Alva J. Roberts (ed.), Zero Gravity: Adventures in Deep Space. PillHill Press, 2010. Pp. 266. ISBN 9781617060007. $16.99.Reviewed by Don Campbell
Zero Gravity: Adventures in Deep Space is an anthology themed around stories firmly rooted in long term space exploration or in futures so advanced that space-faring ships have become the norm. Science vessels, space smugglers, and interstellar churches populate the book alongside alien beasts and creatures from beyond. Beyond the A.I. Singularity, beyond the edge of the solar system, sometimes beyond the light of the furthest stars, they are stories that deal with the future of humanity’s inevitable move to the stars with ideas rooted firmly in our social evolution, or lack thereof. The science in some stories may be farfetched, but how the characters deal with it is not.

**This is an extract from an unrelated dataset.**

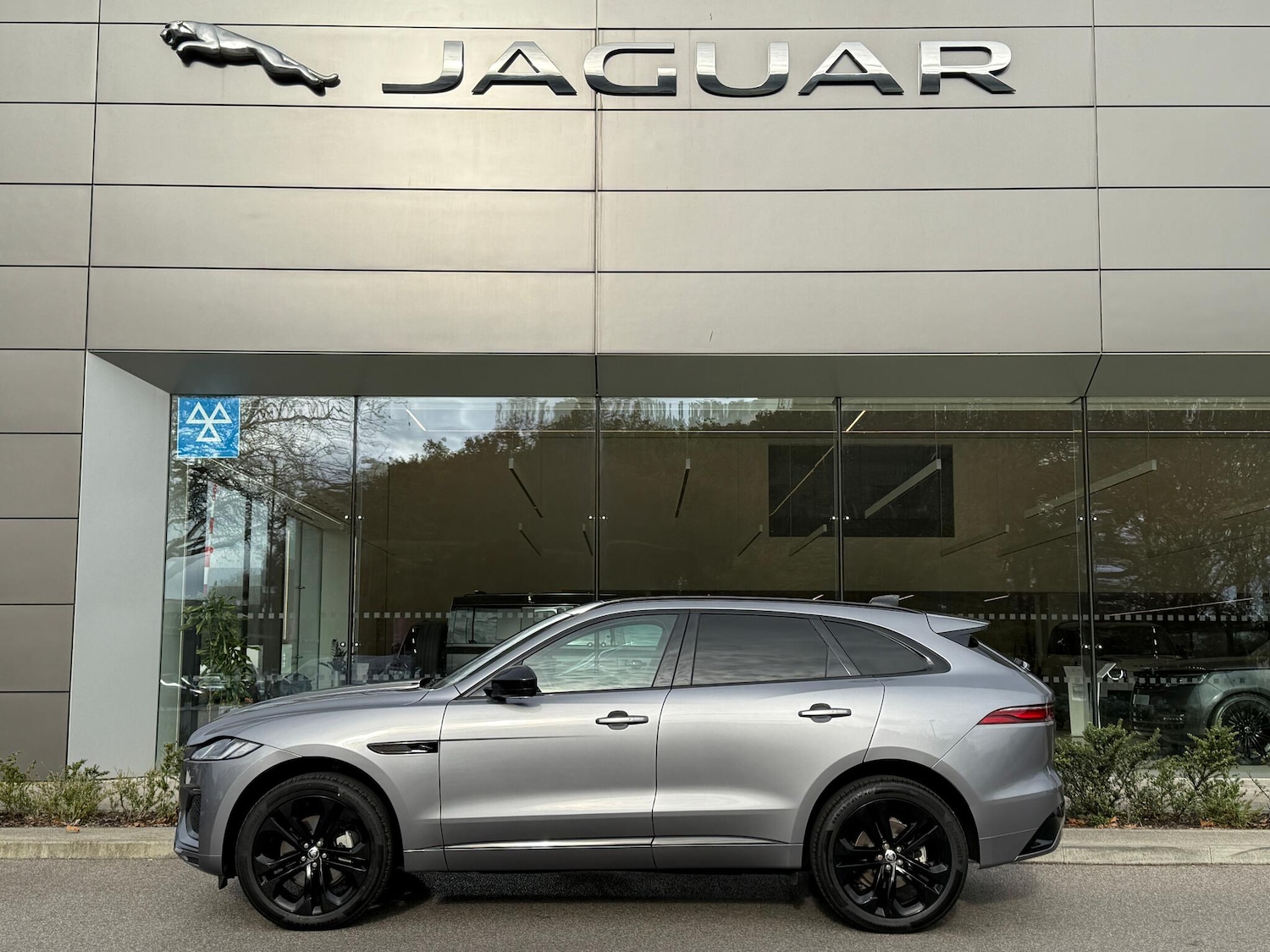 Used Jaguar F-Pace 2023 for sale - 77238451: Photo 8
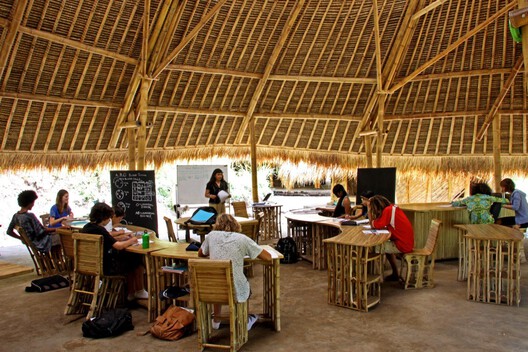 The Politics of Bamboo: From Vernacular Craft to Temporal Infrastructure The Politics of Bamboo: From Vernacular Craft to Temporal Infrastructure - Image 19 of 24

There will always be crime, there will always be fringe elements that live on the edge of social acceptability and even further, in the places others fear to tread. Human exploration has always been driven by a need to discover a better life, a place where one could live the life one wanted or a place where riches were abundant. Cities of gold, trade routes, lands of freedom. We are always looking for something better: there will always be those willing to take advantage of others if it means an easy score; always those who seek the precious freedom of living on their own terms, even when it means eking out a meager existence on the edge of survival.
The anthology opens with one of the latter, the story ‘Junker’s Fancy’ by Rosemary Jones (1), and it’s a strong opening, quickly pulling the reader into the far reaches of the solar system. It concerns a Junker—one of the space salvage operators who live most of their lives in their ships with minimal systems to extend time between dockings—named Jacie running across a major haul, a big government ship dead in the water. The only problem? One of the crew is still alive, but he doesn’t have long. What to do? Jones sets up her universe rather nicely in just the first few paragraphs so that when events start truly playing out, you feel at ease with the story. Every fantasy world has its own lexicon and hers is easy to grasp and understand quickly, helping drive the story telling forward rather than bogging it down in attempt to pepper her universe with flavor. Jacie is a character who lives most of her life alone in the far reaches, only docking to resupply. It’s an eremitical lifestyle and her unexpected passenger is a disruption, but is it a welcome one?
Also quite good was Kenneth Mark Hoover’s ‘To Stand Among Kings’ (88), which contains in its short span such a wealth of information about its particular universe that it is clear the author must have spent a significant amount of time creating races and political affiliations and seriously considering the evolution of society before beginning to write. This is a universe where the Church has split off so many times it has completely separated from Earth itself. The story is one of political intrigue and trade agreements, betrayal and wars fought over resources and the rights of an indigenous people. The ending was a bit weak, but the journey to that end was, as it always should be, pleasantly satisfying.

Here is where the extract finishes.